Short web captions
*** Begin section ***

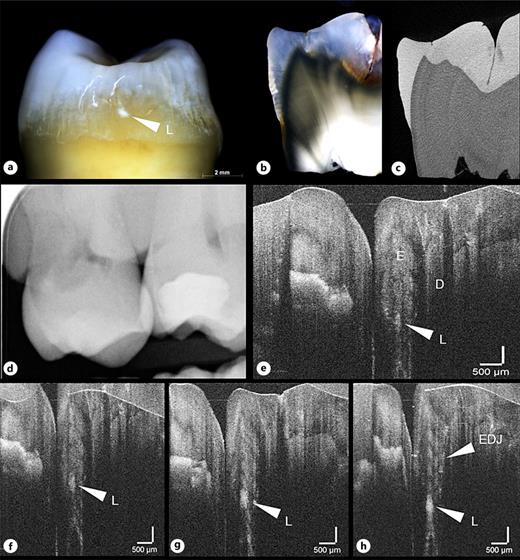 Assessment of tooth 17 mesial: ICDAS score 1 (white arrow (a)), light microscopy score 3 (b), µCT score 0 (c), digital radiography not assessable due to interference (d), and OCT score 3 (e–h). With OCT, no overlapping of the proximal surfaces occurs as with (d), and the lesion is detectable in different planes, tracing the spread from the tooth surface into the enamel in real time. E, Enamel; D, Dentin; EDJ, enamel-dentin junction; L, carious lesion.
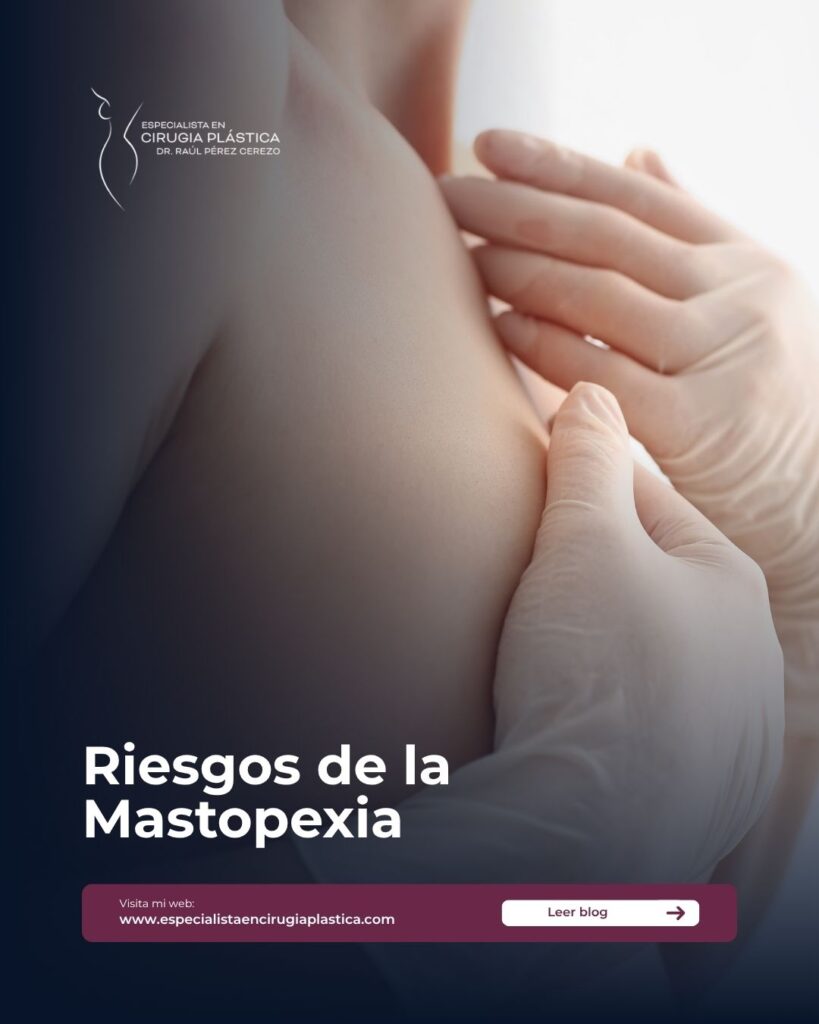 Riesgos de la Mastopexia Riesgos de la Mastopexia
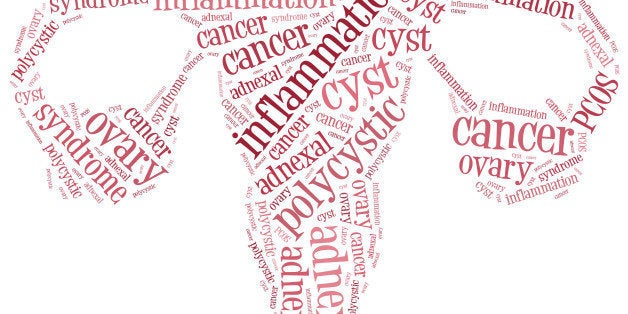 Word cloud illustration ovarian diseases related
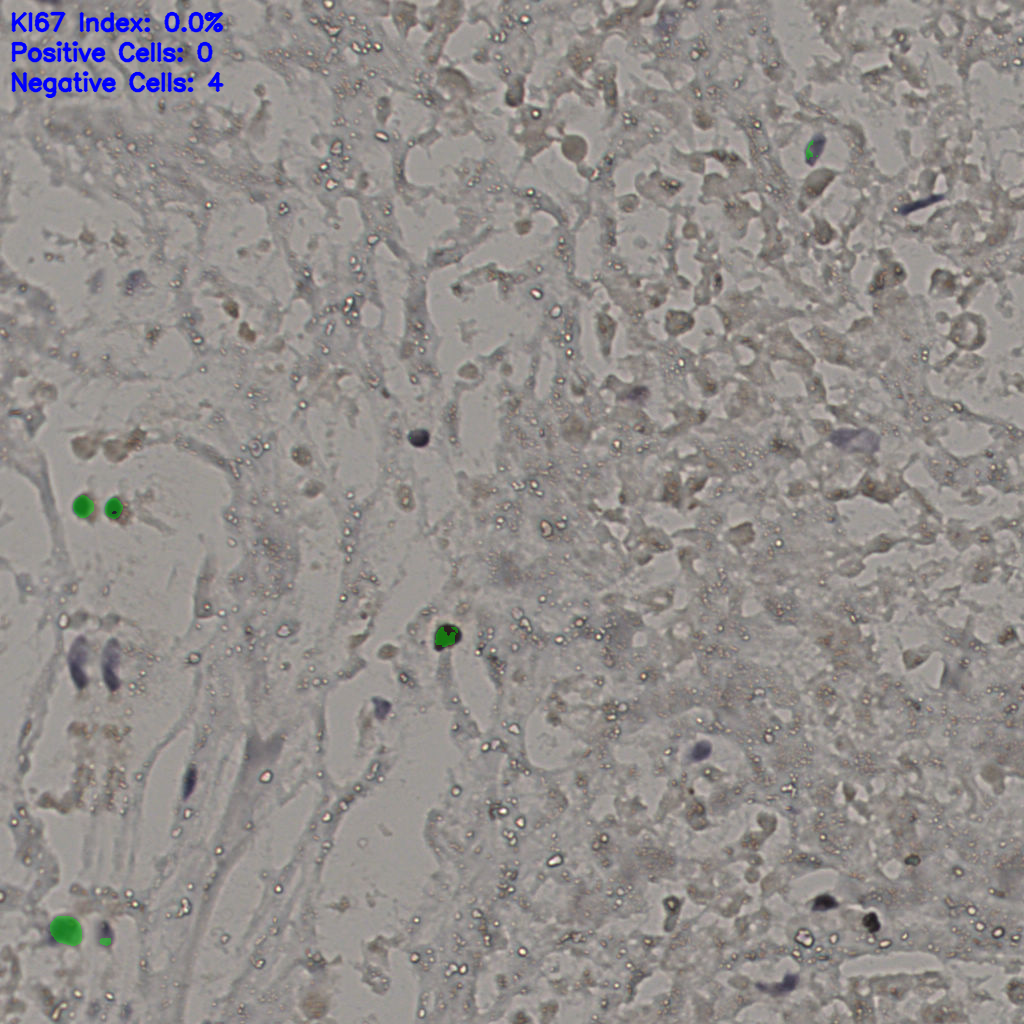 slice_16_40_x14336_y35840.png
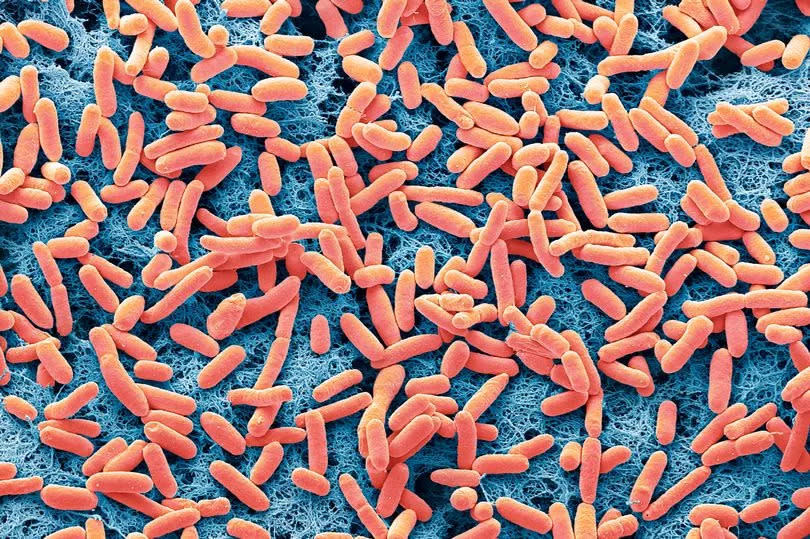 E.coli bacteria. A person has died and 30 are ill after an outbreak of food poisoning linked to cheese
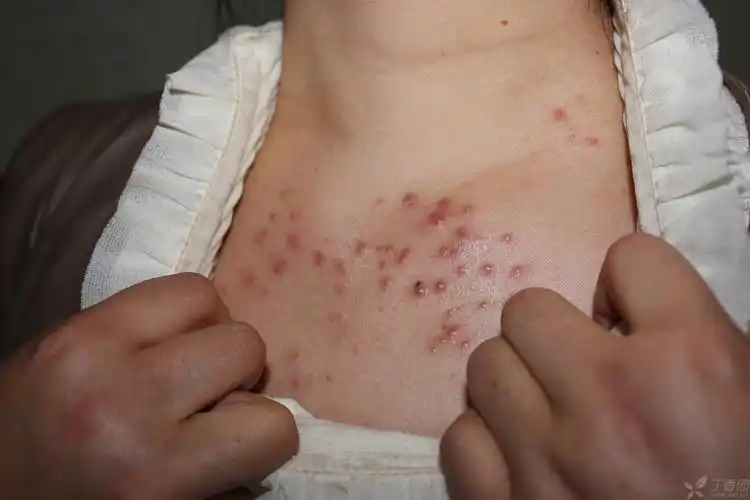 【病例讨论】胸前皮肤长片状红疹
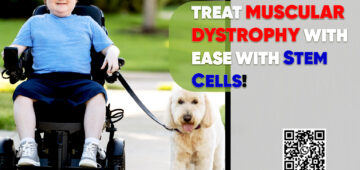 Treat Muscular Dystrophy With Ease with Stem Cells!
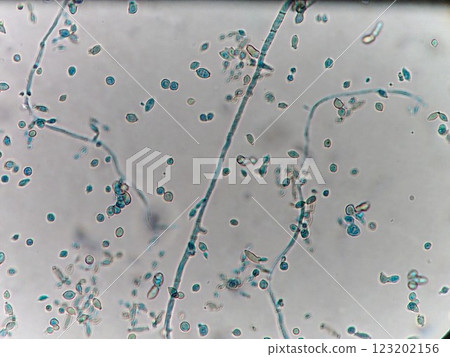 Long, straight mold hyphae Long, straight mold hyphae 123202156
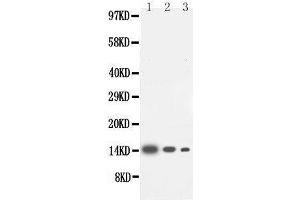 Image no. 1 for anti-Interleukin 4 (IL4) (AA 72-98), (Middle Region) antibody (ABIN3042695)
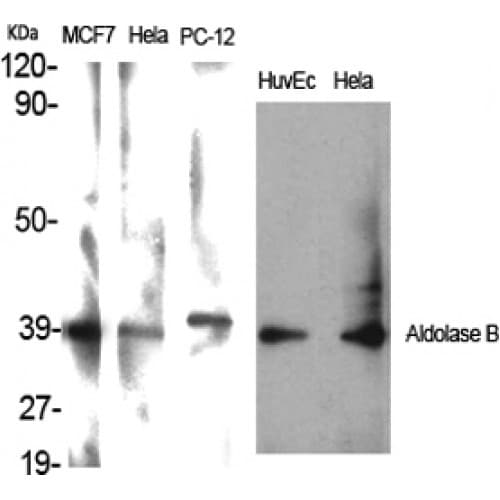 ALDOB Antibody (80-160 aa, Internal)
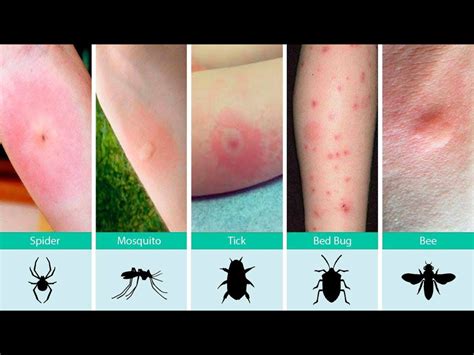 Cool Flea Vs Bed Bug Bite Images References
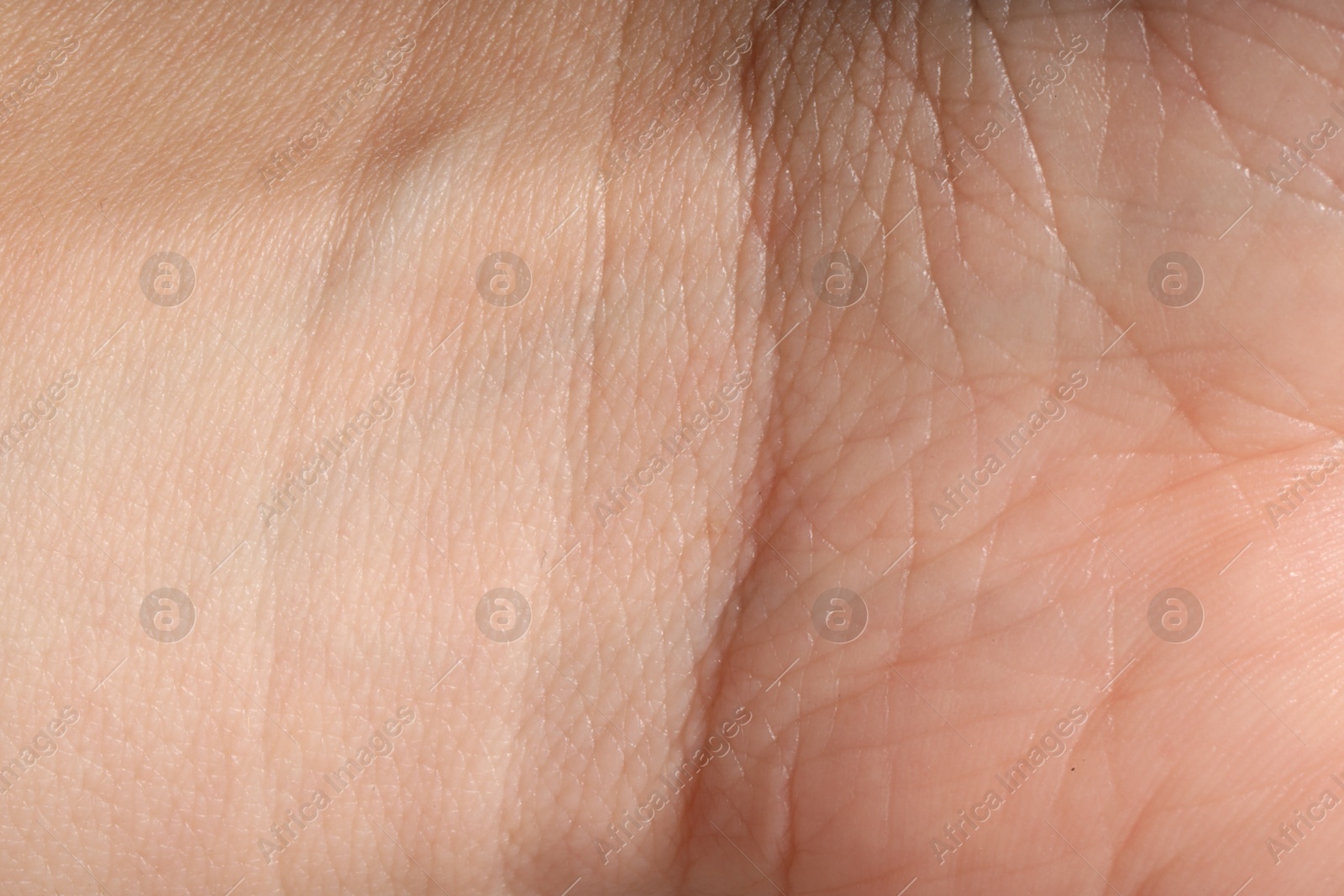 Human skin, closeup view. Detailed texture of surface Photo of Human skin, closeup view. Detailed texture of surface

*** End section ***

■ Work required ■
What you return must match the records exactly, apart from the images, which are omitted.

■ Solution ■
 Assessment of tooth 17 mesial: ICDAS score 1 (white arrow (a)), light microscopy score 3 (b), µCT score 0 (c), digital radiography not assessable due to interference (d), and OCT score 3 (e–h). With OCT, no overlapping of the proximal surfaces occurs as with (d), and the lesion is detectable in different planes, tracing the spread from the tooth surface into the enamel in real time. E, Enamel; D, Dentin; EDJ, enamel-dentin junction; L, carious lesion.
 Riesgos de la Mastopexia Riesgos de la Mastopexia
 Word cloud illustration ovarian diseases related
 slice_16_40_x14336_y35840.png
 E.coli bacteria. A person has died and 30 are ill after an outbreak of food poisoning linked to cheese
 【病例讨论】胸前皮肤长片状红疹
 Treat Muscular Dystrophy With Ease with Stem Cells!
 Long, straight mold hyphae Long, straight mold hyphae 123202156
 Image no. 1 for anti-Interleukin 4 (IL4) (AA 72-98), (Middle Region) antibody (ABIN3042695)
 ALDOB Antibody (80-160 aa, Internal)
 Cool Flea Vs Bed Bug Bite Images References
 Human skin, closeup view. Detailed texture of surface Photo of Human skin, closeup view. Detailed texture of surface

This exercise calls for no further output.